Single by Everyday People

from the album You Wash... I'll Dry
- B-side: "Keep Away from Love"
- Released: 12 March 1990
- Length: 4:01 (single version) 5:00 (album version) 7:07 (extended version)
- Label: SBK Records
- Songwriters: Shaun Ward Desi Campbell
- Producer: Stewart Levine

Everyday People singles chronology
|  | "Headline News" (1990) | "I Guess It Doesn't Matter" (1990) |

= Headline News (Everyday People song) =

1990 debut single by Everyday People

"Headline News" is a song by British band Everyday People, which was released in 1990 as the lead single from their only studio album You Wash... I'll Dry.
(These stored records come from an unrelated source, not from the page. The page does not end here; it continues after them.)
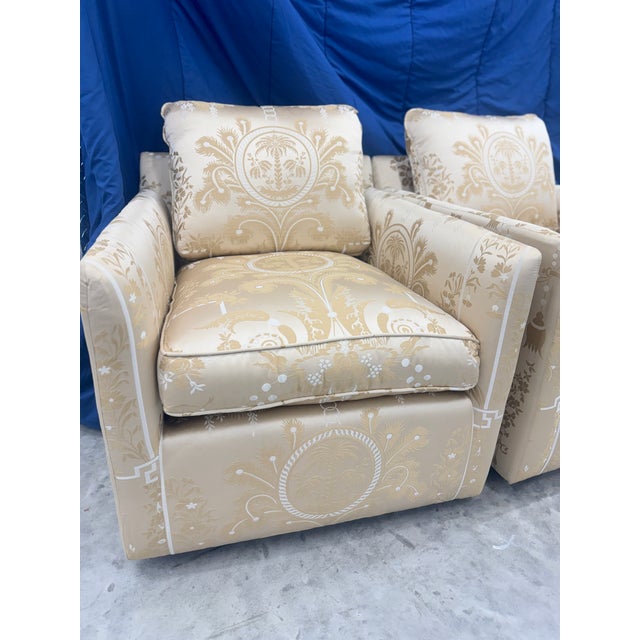 Stunning pair of Scalamandre Silk and Viscose comfy club chairs with easy Swivel. Newly Reupholstered!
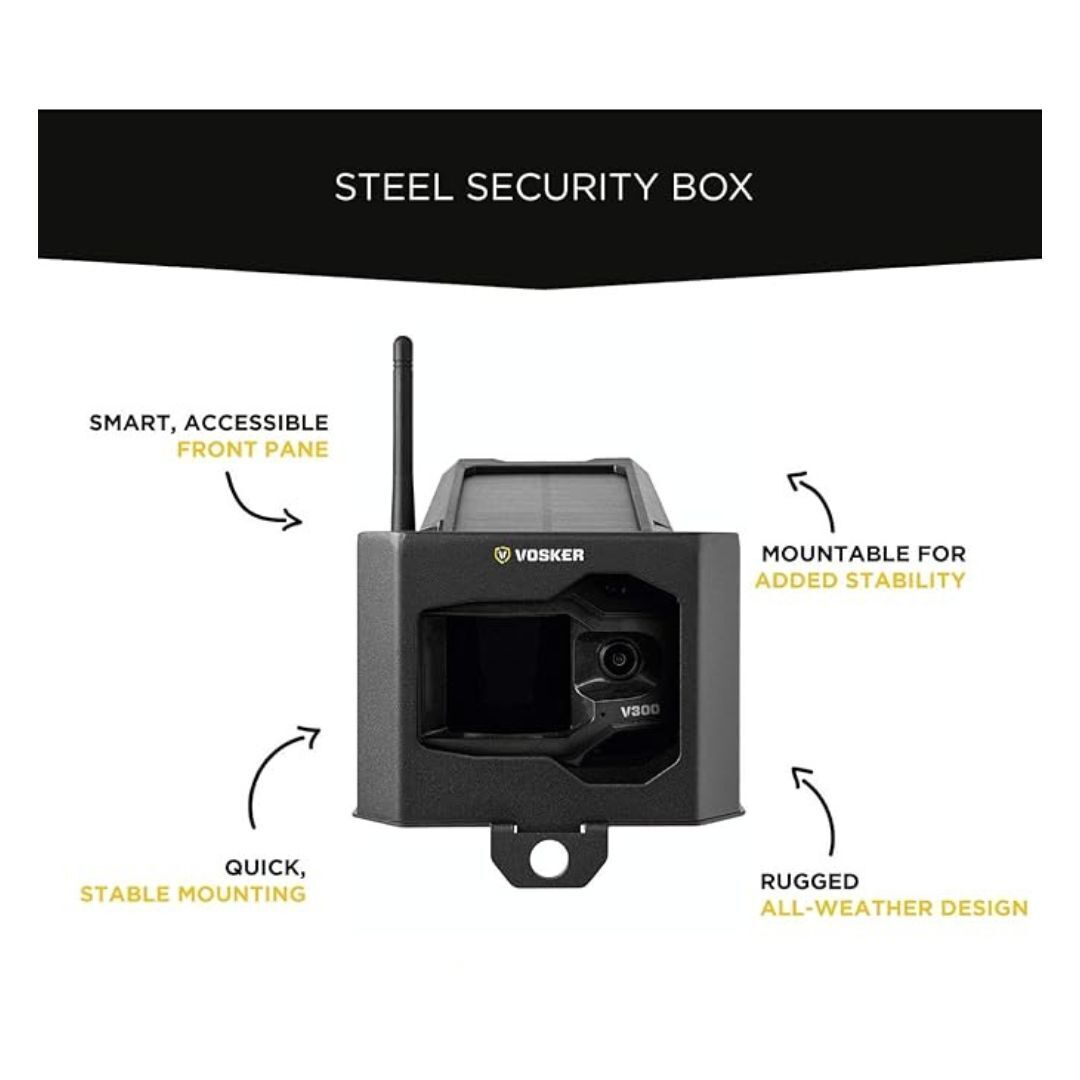 Vosker Metal Heavy Duty Steel Case Security Box for V150 Outdoor Camera (Black)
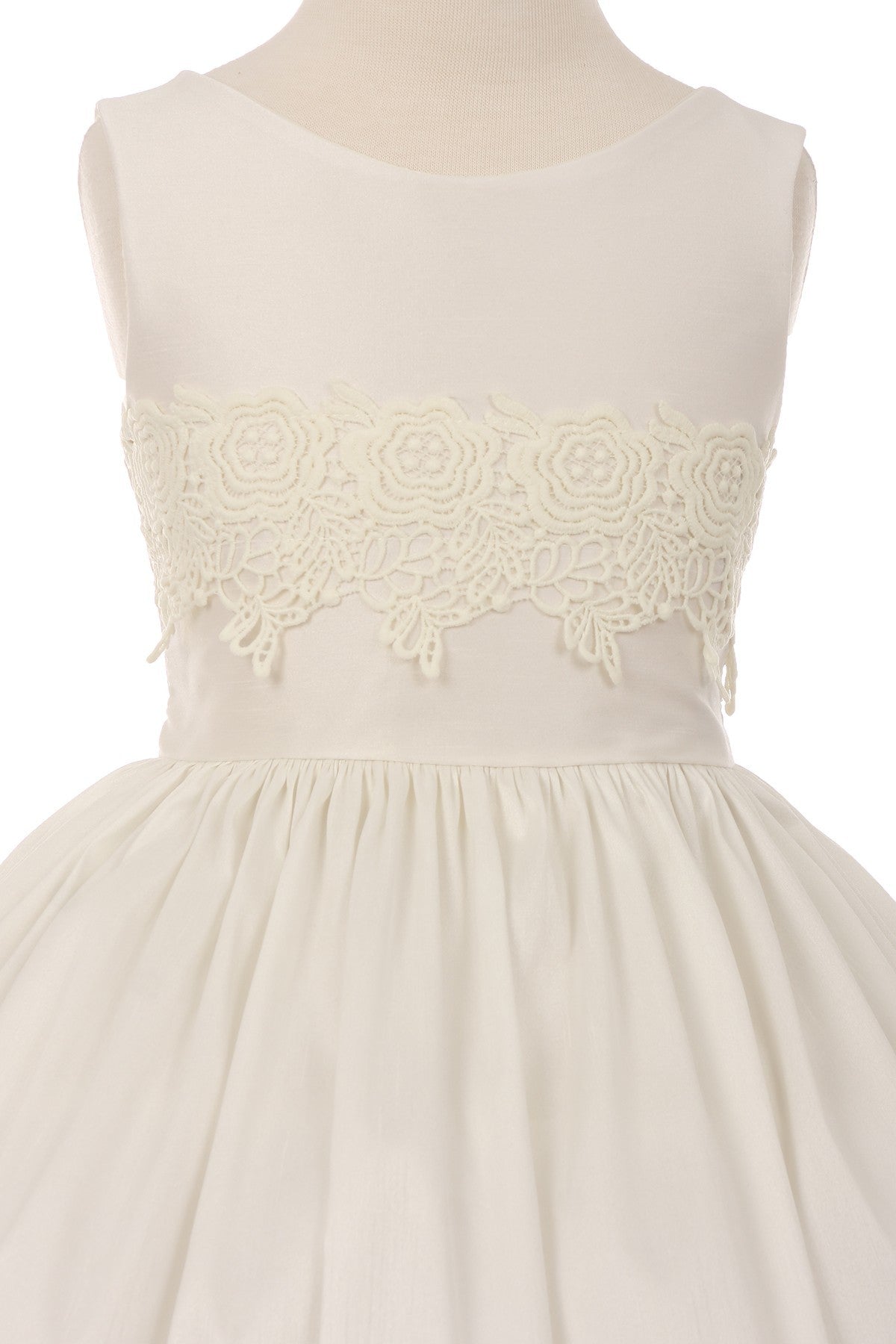 Dupioni Lace Flower Girl Dress by Cinderella Couture USA AS1234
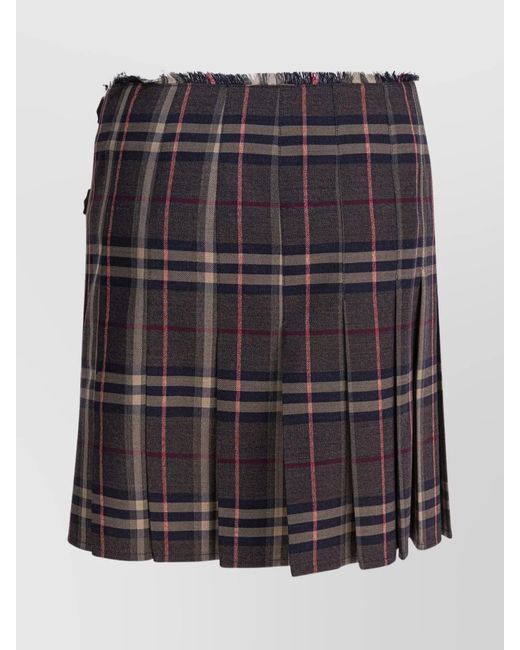 Burberry Black Wool Checked Pleated Mini Skirt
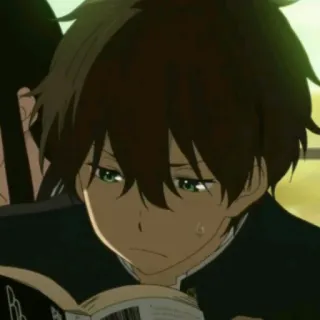 🐛 3e41f2e0 Anime, Menino, Lendo, Escola, Desenho animado, Estudante whatsapp sticker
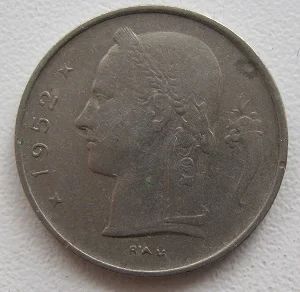 Лот: 8087147. Фото: 1. Бельгия 1 франк 1952, старт с... Европа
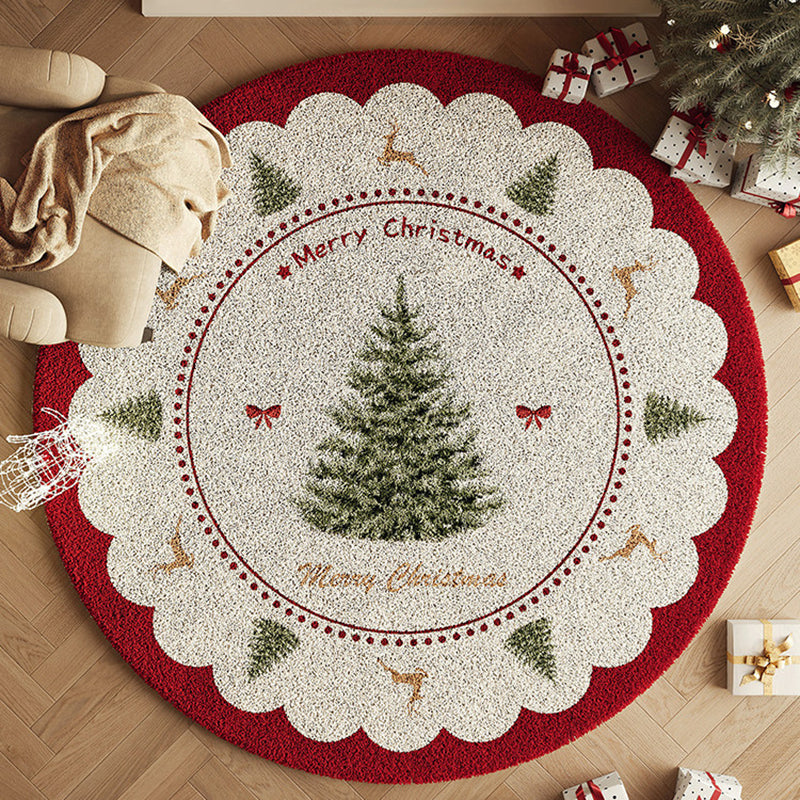 Contemporary Creative Round Faux Cashmere Dotted Plastic Fabric Non-Slip Christmas Rug For Living Room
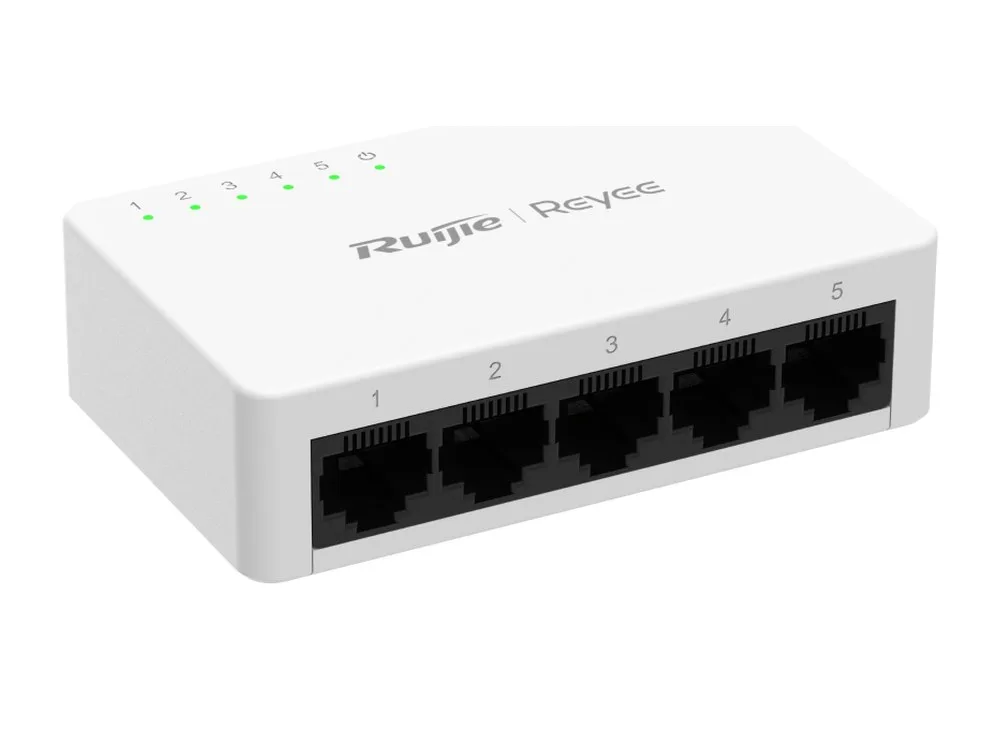 Switch Ruijie RG-ES05F vỏ nhựa, ảnh hãng chụp nghiêng phía 5 cổng mạng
It was written by Shaun Ward and Desi Campbell, and produced by Stewart Levine. "Headline News" reached No. 99 on the UK Singles Chart.

==Critical reception==
Upon its release, Chris Wells of New Musical Express wrote: "See for once here we are dealing with a trio of musicians whose main concern [is] how well they can write, perform and record a song based purely on musical talent. That's why 'Headline News' sounds as refreshingly organic as it does." Lisa Tilston of Record Mirror wrote, "This sounds a little like a hot, groovy George Michael, which isn't meant as an insult. It's that rare thing these days, a soul record that doesn't sound like it has to try too hard. It's also a record you can bop to without a housey beat. But then the singer and bassist are from the late, great pop/funk band Floy Joy, so it's not really surprising."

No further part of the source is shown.